Marie Antoinette 1/2
Kirsten Dunst plays the title role of the young queen of 18th-century France who became a symbol for the wanton extravagance of the monarchy that incited a revolution. Director Sofia Coppola has created a mash-up of classical opera and early-'80s New Wave, and knowing self-reference and careless anachronism. The silly, self-pitying film staggers from moment to mood only to finally end on the way to the guillotine.
The Marine 1/2
WWE star John Cena plays a former jarhead back from Iraq who finds himself returning to action stateside when his wife is kidnapped by a murderous gang led by a merciless criminal. In keeping with the orchestrated mayhem of pro wrestling, there is much noise and violence, and little else.

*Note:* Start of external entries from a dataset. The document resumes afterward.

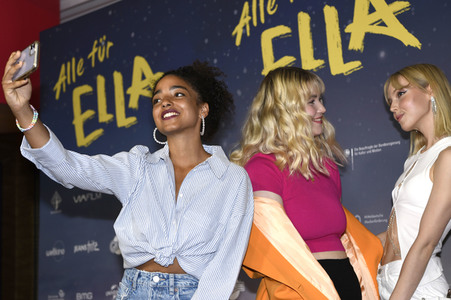 Filmpremniere 'Alle für Ella' in Hannover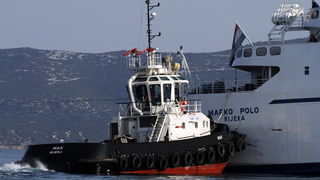 Kornati, Otok Sit, 261009 .
Putnicki brod Marko Polo nasukao se prekjucer unutar otoka Sita na sjeverozapadnoj strani. 
Marko Polo je provom zaorao barem desetak metara u kopno, srusio morske stijene i raslinje, probio zid ograde obitelji Kovacev i zausta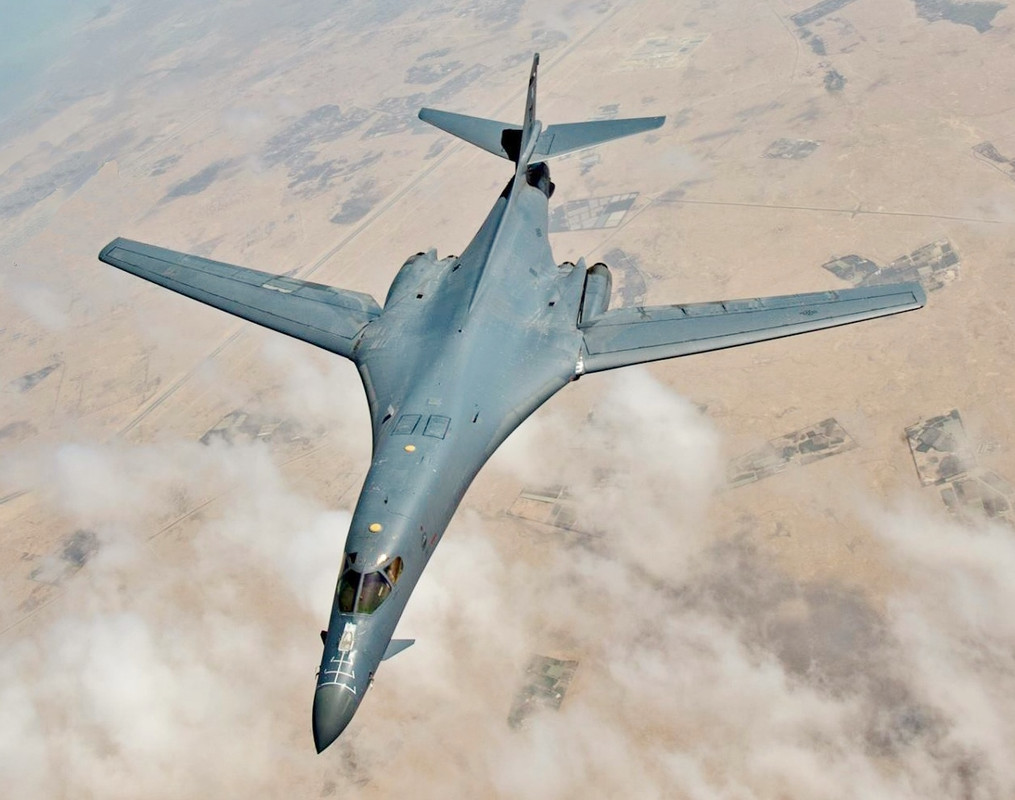 B-1 Lancer — chasseur 4e gen — États-Unis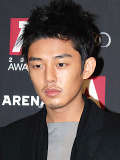 2010年韓国代表‘粋な男'に与えられる「A-Awards」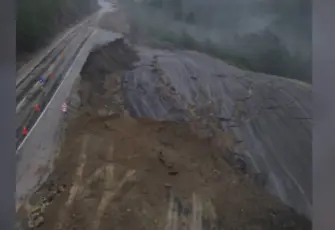 Adana’da heyelan: Helikopter pisti çöktü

Pirates of the Caribbean: Dead Man's Chest
Johnny Depp, Keira Knightley and Orlando Bloom reprise their roles in this swashbuckling sequel. This time, Capt. Jack Sparrow discovers he owes a bloody debt to the legendary Davy Jones. It's a darker tale than the first, but it's still a rollicking, well-paced yarn.
The Queen 1/2
Helen Mirren gives an Oscar-worthy performance as Queen Elizabeth II during a turning point in recent British history, surrounding the tragic death of Princess Diana. Mirren gives the queen a restrained soulfulness and sense of duty that reinvents her.
School for Scoundrels 1/2
A beleaguered New York City meter maid tries to overcome his feeling of inadequacy by enrolling in an unorthodox and top-secret confidence-building class. Billy Bob Thornton and Jon Heder basically play weaker versions of their "Bad Santa" and "Napoleon Dynamite" characters. The clash of those two opposing forces generate only a few laughs in this overlong movie.
Stranger Than Fiction
Will Ferrell plays a confused man who discovers that an unseen female narrator is chronicling the events of his life in a voice only he can hear. A literature professor (Dustin Hoffman) helps him figure out that he's gotten caught up in the latest work-in-progress of a British novelist (Emma Thompson). This movie is a sweetly engaging concoction, refreshing for its ability to create tension by keeping the audience guessing whether it's going to wind up as tragedy or comedy. And Ferrell gives his best performance on screen yet.
R
Babel 1/2
Alejandro González Iñárritu's latest film, with a cast featuring Brad Pitt, Cate Blanchett and Gael García Bernal, is a global testament to the curiously incommunicative species that is man, as four separate stories from around the world slowly reveal their interconnectedness. But the film struggles to be as true as it is portentous. The sight of so many different characters bursting into tears brings on your own catharsis or leaves you feeling as if the movie's doing the weeping for you.
Bobby
In telling the story of the tragic assassination of Presidential candidate Robert F. Kennedy in 1968 at Los Angeles' Ambassador Hotel, writer-director Emilio Estevez has created a large group of disparate fictional characters who populate the hotel that fateful evening. It's an innovative approach with lofty ambitions, but that's the film's downfall. So many people come and go that their separate stories become too many, feeling rushed and superficial. While the all-star cast can be distracting, some strong performances do emerge amidst the clutter.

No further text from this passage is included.